Compared to the baseline model L(3), models adding seasonality, nonlinearity, or extending the state vector [i.e., L(8), M(8), and M(13)] require more coefficients and do show a better fit. However, compared to the multivariate model M(13), the multilevel model (2L) fits better with fewer coefficients. The comparison shows that the multilevel approach successfully captures the effects of ocean memory in terms of SST itself, a better-observed quantity than subsurface variables.

These results show that the memory effect is the most important addition to the baseline model. From the physical perspective, a large fraction of the total variance of the tropical Pacific SST anomalies is associated with the recharge oscillation, so representing this memory effect in a data-driven model is essential. Nonlinearity and seasonality do not help much unless combined with the memory effect.

## 5. Results of ENSO simulation

We will first present ENSO characteristics in OBS and GCM and then compare them with the modeled statistics.

### a. Nonlinearity

In both OBS and GCM, asymmetries about zero and the curved shape of the two-dimensional PDF in PC1–PC2 space indicate ENSO nonlinearity (Figs. 3a,b). The other plots in Fig. 3 show that various linear models [L(3), 2L, M(8), and S] are not able to reproduce this curved shape but have an ellipsoid shape centered at (0, 0). On the contrary, the various nonlinear models (NL, 2L+NL, S+NL, and 2L+S+NL) show a curved shape in PC1–PC2 space in approximate agreement with the data. The first three models (NL, 2L+NL, and S+NL) show a small deficiency with a spike toward negative PC1 and negative PC2, but agreement is improved in the comprehensive model (2L+S+NL).

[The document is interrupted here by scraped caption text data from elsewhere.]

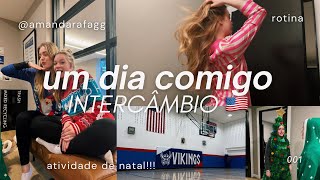 Diário de Intercâmbio 12 🇺🇸  high school nos EUA [upl. by Ellenrad872]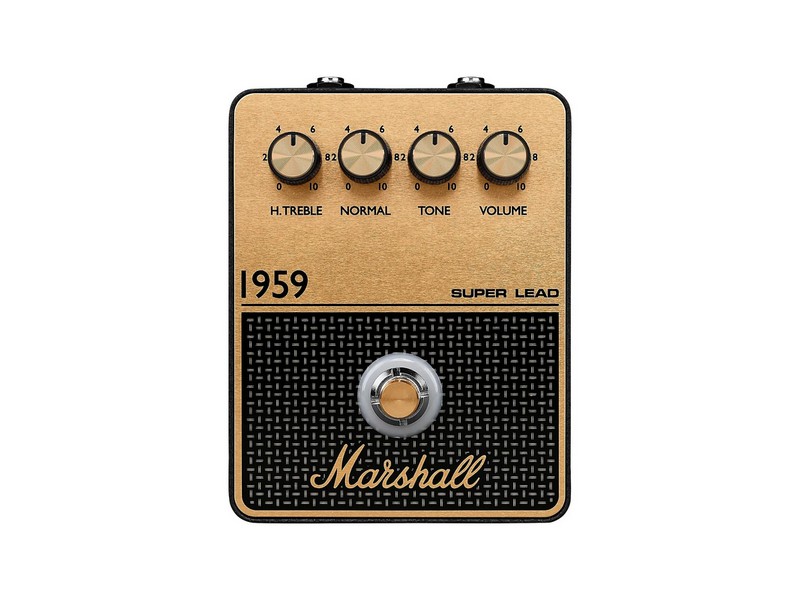 1959b Marshall 1959 Distortion педаль эффектов - imagine 1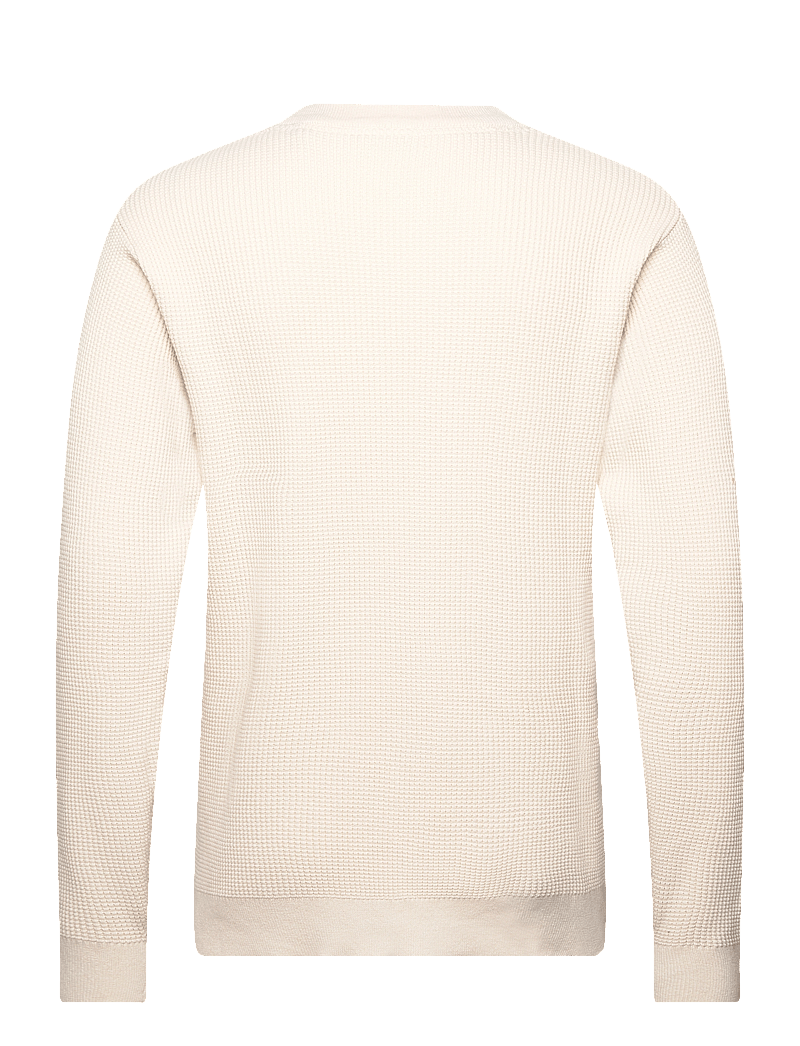 Solid - SDHami - Ümmarguse kaelusega kudumid - oatmeal - 2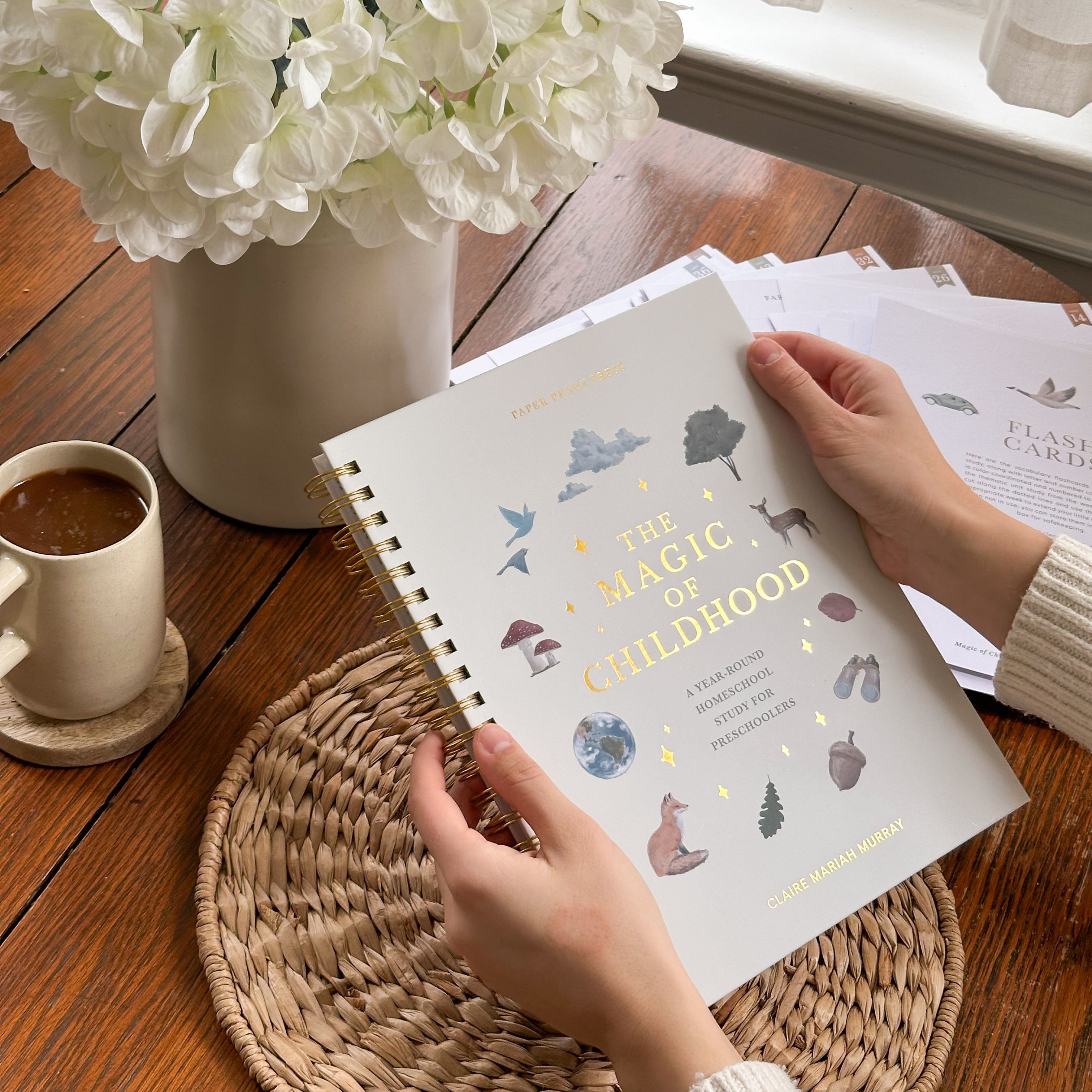 Magic of Childhood | 52-Week Christian Preschool Homeschool Curriculum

In both OBS and GCM (Fig. 1), the PC1 skewness (0.39 and 0.35, respectively) is positive, meaning warm states occur less often than cold states but with stronger amplitude in El Niño than La Niña. PC2 skewness is negative, and GCM has stronger nonlinearity than OBS with a more strongly skewed PDF in PC2 (−1.23 versus −0.40). This is associated with the fact that GCM has more extreme El Niño events. For all the models trained using GCM data, the linear models show skewness close to zero, while the four nonlinear models approximately match the skewness in GCM and resemble its 1D PDF for PC1 and PC2 (not shown).

### b. Diversity

Both OBS and GCM show ENSO diversity in PC1–PC2 space, represented by the curved shape of the two-dimensional PDF (Figs. 3a,b). Takahashi et al. (2011) inspired us to distinguish various SSTA patterns using the PC1–PC2 space. The central region in PC1–PC2 space (Fig. 3) is associated with neutral patterns with small variability. The upper-right quadrant is the warming anomaly patterns occurring at the central Pacific. The lower-right quadrant is the warming anomaly patterns peaking at the eastern Pacific, and far end points are where extreme El Niño events locate. The upper-left quadrant is the cooling anomaly patterns occurring at the eastern Pacific. The lower-left quadrant is the cooling anomaly patterns peaking at the central Pacific, and far end points are where extreme La Niña events locate. The negative PC2 region is usually the transition patterns from the extreme El Niño events to the following La Niña events.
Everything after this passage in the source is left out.